Cheap audit logs in ClickHouse: the schema we're using for Basira's command log

Every command Basira's agent runs against a customer database needs to be auditable. Who ran it, against which database, what SQL was executed, what the result was, when it happened. Customers ask us about this in their first security review and we need a real answer, not a gesture at log_statement = 'all' in Postgres.

We've run into the same problem most teams hit at scale: audit logs in Postgres are easy to start and painful to keep. A billion rows of audit data in a transactional Postgres instance bloats the heap, slows VACUUM, fights for buffer cache with your actual workload, and turns every compliance query ("show me everything user X did last quarter") into a sequential scan.

ClickHouse solves this, but only if you pick the right schema. We've been designing the table that will back Basira's agent command-audit trail, and the pattern is the same one we use for every telemetry table in the product today. This post walks through the DDL choice by choice — what we picked, what we rejected, and why.

Why not Postgres

Postgres is fine for the first few million audit rows. The pain starts later:

MVCC bloat. Audit tables are write-heavy and almost never updated or deleted in place. But every INSERT still produces a live tuple, and retention-driven DELETEs produce dead tuples that VACUUM has to reclaim. You either pay for a big autovacuum budget or you pay for bloat.
Column storage. Audit rows have a handful of high-cardinality columns (actor, target, timestamp) and a wide variable-length payload (the full event details). Postgres stores them row-major, so every scan pays for columns you don't need.
Retention is a chore. Dropping old audit data in Postgres means either partitioning the table (and rolling partitions) or running batched DELETEs. Both are operational work you shouldn't have to do.
Cost per GB. Managed Postgres storage runs roughly 10-20× what managed ClickHouse object storage costs, and audit data compresses ~5-10× better in ClickHouse than in Postgres because it's columnar and heavily redundant.

If you already run ClickHouse for analytics (we do), the marginal cost of an audit-log table is close to zero.

The schema

Here's the table, followed by a breakdown of each decision:

CREATE TABLE command_audit (
    org_id          String,
    db_instance_id  String,
    actor_id        String,
    event_time      DateTime64(3, 'UTC'),
    command_id      String,
    action          LowCardinality(String),
    target_type     LowCardinality(String),
    target_id       String,
    status          LowCardinality(String),
    sql_text        String CODEC(ZSTD(3)),
    result_summary  String CODEC(ZSTD(3)),
    payload         String CODEC(ZSTD(3))
) ENGINE = MergeTree()
PARTITION BY toYYYYMM(event_time)
ORDER BY (org_id, actor_id, event_time)
TTL toDateTime(event_time) + INTERVAL 365 DAY;

Every field is deliberate. Let's go through the choices that actually matter.
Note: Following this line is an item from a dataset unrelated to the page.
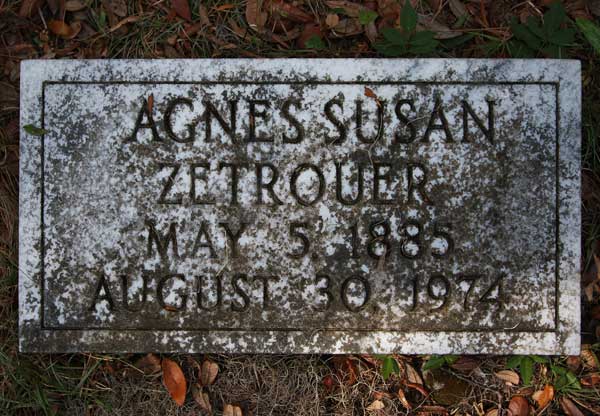 Agnes Susan Zetrouer Gravestone Photo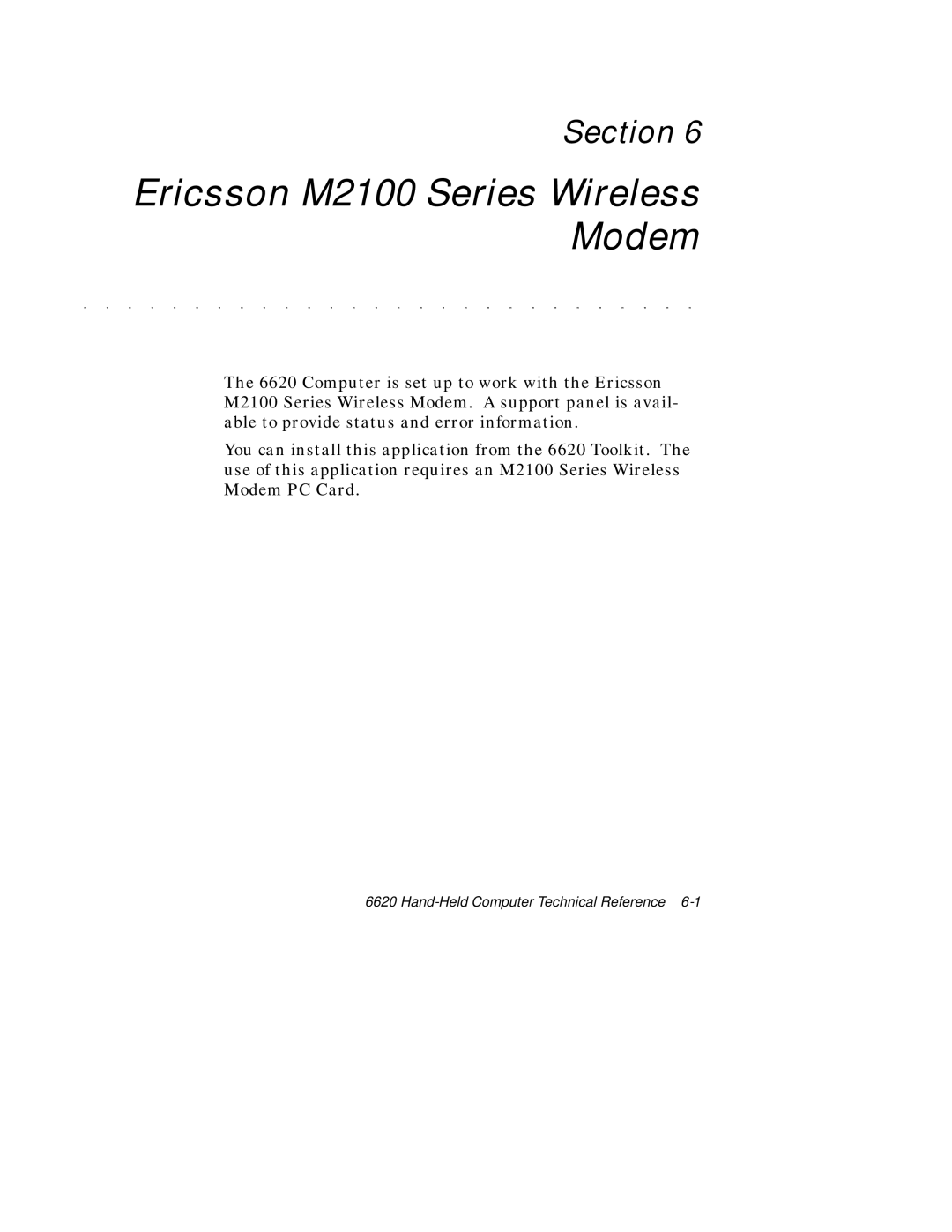 Intermec 6620 manual Ericsson M2100 Series Wireless Modem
ORDER BY (org_id, actor_id, event_time)

In ClickHouse the ORDER BY clause controls two things: how data is physically sorted on disk within each part, and what the sparse primary index points at. The index lets ClickHouse skip most of the data when your WHERE clause filters on the leading columns.
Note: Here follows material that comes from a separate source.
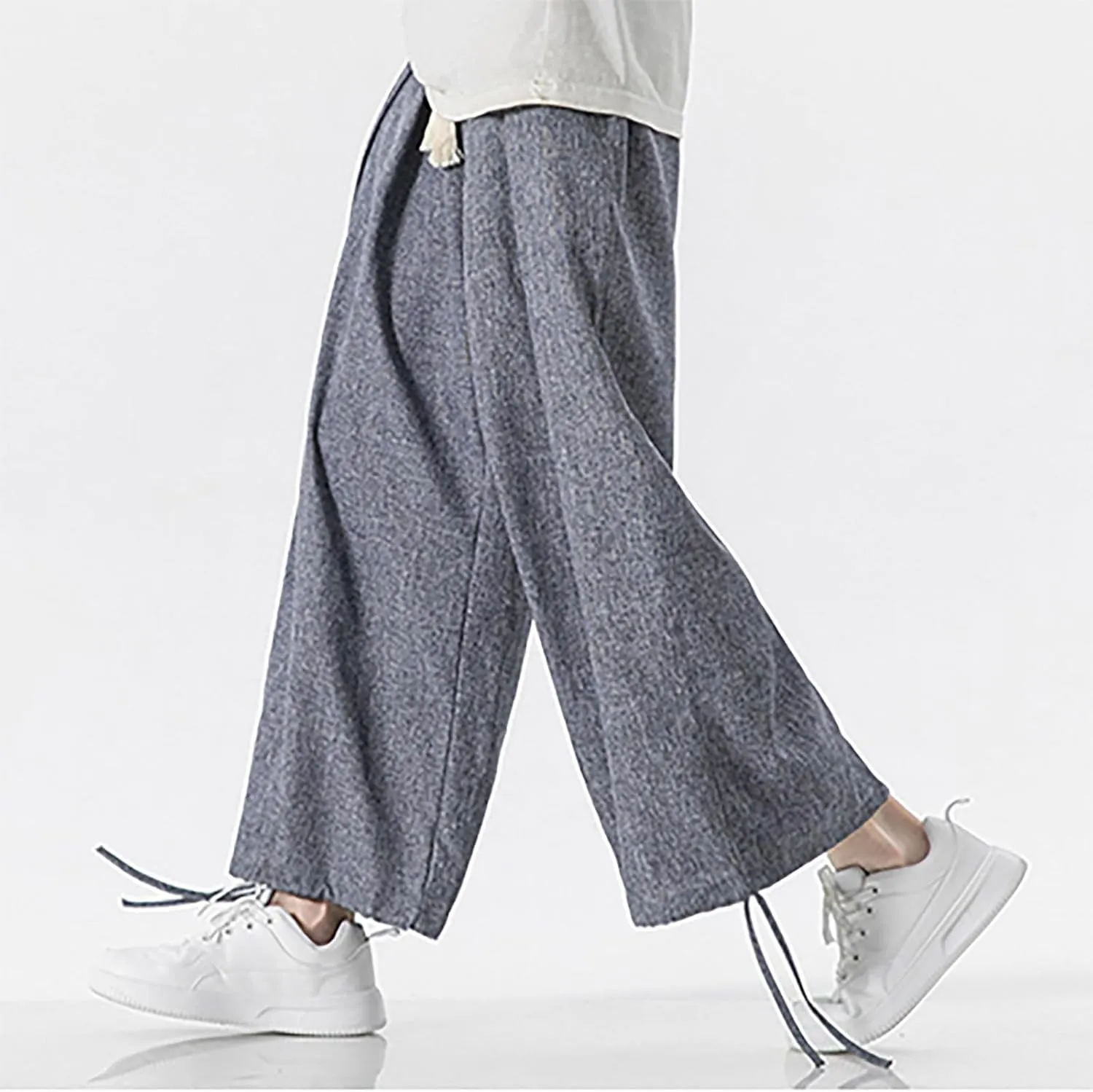 Linen Pants for Mens Casual Pants Drawstring Beach Pants Relaxed-Fit Yoga Pants Summer Elastic Waist Pants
We put org_id first because Basira is multi-tenant and almost every query is scoped to a single organization. Putting it first gives us free tenant isolation at the physical-layout level — a query for one org never touches another org's data.

Next is actor_id. The single most common audit query is "what did user X do?" or "what did the agent do against database Y?". With actor_id as the second sort key, this is an index range scan: ClickHouse jumps to the actor's region of the part and reads sequentially. No full scan.
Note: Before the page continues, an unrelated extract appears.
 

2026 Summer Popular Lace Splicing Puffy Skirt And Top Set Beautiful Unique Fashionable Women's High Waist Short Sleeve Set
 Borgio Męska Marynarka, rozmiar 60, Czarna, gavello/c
event_time comes last. Within a given (org_id, actor_id) pair, rows are sorted chronologically, so "what did user X do between T1 and T2" is also an index range.

The pattern we rejected: putting event_time first. Time-first ordering makes "what happened in the last hour across all actors" fast, but audit queries are rarely shaped like that. They're almost always scoped to an actor. Time-first would also make the tenant-isolation property worse.

PARTITION BY toYYYYMM(event_time)

Partitioning is how ClickHouse physically groups parts. Monthly partitions are the sweet spot for audit logs:

Retention is a metadata operation. When a partition ages out, ClickHouse's TTL mover can drop it wholesale with ALTER TABLE ... DROP PARTITION — zero scan, zero rewrite. A daily partition would work too but creates too many parts; a yearly partition is too coarse for retention cleanup.
Queries prune partitions. A query for last month's activity only touches one partition. This is independent of the primary-key index and stacks with it.
Backups are per-partition. You can copy or restore a single month cheaply.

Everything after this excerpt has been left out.